Various repressive measures undertaken by the British authority in India led to the growth of suspicion and hatred towards the British. During the time of Lord Lytton, the Viceroy, certain repressive laws like Vernacular Press Act and Arms Act of 1878 were passed to suppress the Indian mass.
By the Vernacular Press Act of 1878 the editors of the Vernacular newspaper were directed to execute a bond not to publish anything in their paper which would excite feelings of dissatisfaction against the Government. But this Act was not to be applicable to the English news papers. It was, of course abolished by Lord Ripon, another Viceroy in 1882.

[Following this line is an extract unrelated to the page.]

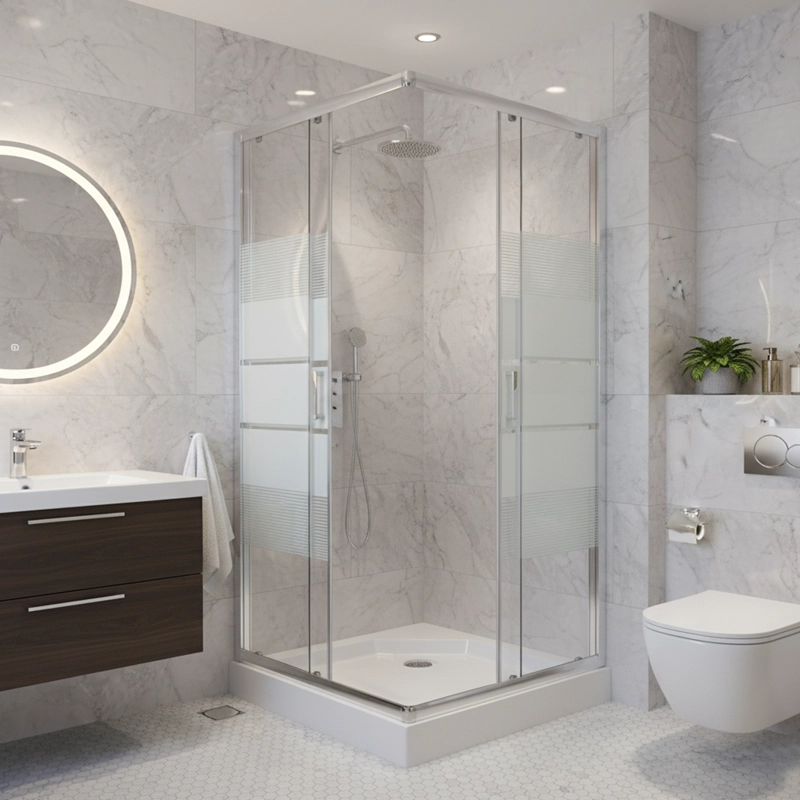 SHOWER DOOR JOYTEK RECTO STYLE BLANCO 80X80X198 CM (INCLUYE RECEPTACULO) - 6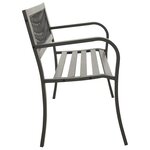 vidaXL Banc de jardin 125 cm Acier Gris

By the Indian Arms Act of 1878, the Indians were prohibited to possess any arms without license. Possession of arms by any Indian without license was treated as criminal offence. But this law was not applicable to the British in India.
Lytton made another provision regarding the fixation of age limit for candidates who liked to appear at the Indian Civil Service Examination. He deliberately reduced the age limit for the above purpose from 21 to 19 years in order to debar the Indian youth from competing for the Indian Civil Service.
The Grand Delhi Durbar was held in 1877 to proclaim Queen Victoria from England, the Empress of India when a great famine took toll of more than 60 lakhs of people in one part of the country. This apathetic attitude of Lord Lytton infuriated many cautious people of the country.
All these Acts of British authority created a great storm of opposition in the country and led to the formation of various organizations to carry on anti-British propaganda in the country by fanning the fire of nationalism.